"He warn't so bad after all," they allowed. "'Twarn't so much his fault that there well fell in." They even remembered how he had watched and prayed by the sick-beds. They went so far as to hope he "wouldn't be took." And the doctor, who read them like a book, smiled to himself as he watched the poison of prejudice gradually dying in their hearts, and common sense and a small measure of justice stealing back into their perverted minds.
At last came a day when the good man came gaily down the staircase and opened the door with the welcome words, "A decided change for the better. Please God, we'll pull him through now." And a subdued murmur of joy arose from the little crowd of women and children that gathered every morning round the house to see the doctor go away and hear the latest news.

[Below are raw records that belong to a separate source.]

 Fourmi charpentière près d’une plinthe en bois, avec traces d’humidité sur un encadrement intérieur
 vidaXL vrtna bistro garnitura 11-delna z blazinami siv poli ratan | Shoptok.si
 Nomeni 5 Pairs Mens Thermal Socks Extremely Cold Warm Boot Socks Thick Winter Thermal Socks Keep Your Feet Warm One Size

Foremost among these was Annie Chapman—hard working, untidy, cheery Annie. She has improved very little in any respect except in her household arrangements; but though no power on earth could ever succeed in making her tidy, cleanliness has become her ruling passion. She scrubs, and rubs, and washes everything she can lay her hands on, and no future outbreak of fever or any other disease shall ever, she declares, be laid to her door. So out of evil will come good, and the Willowton of the future promises to be a very different place from the fever haunt it has been for the past half-century, if the doctor and the vicar and Annie Chapman can make it so.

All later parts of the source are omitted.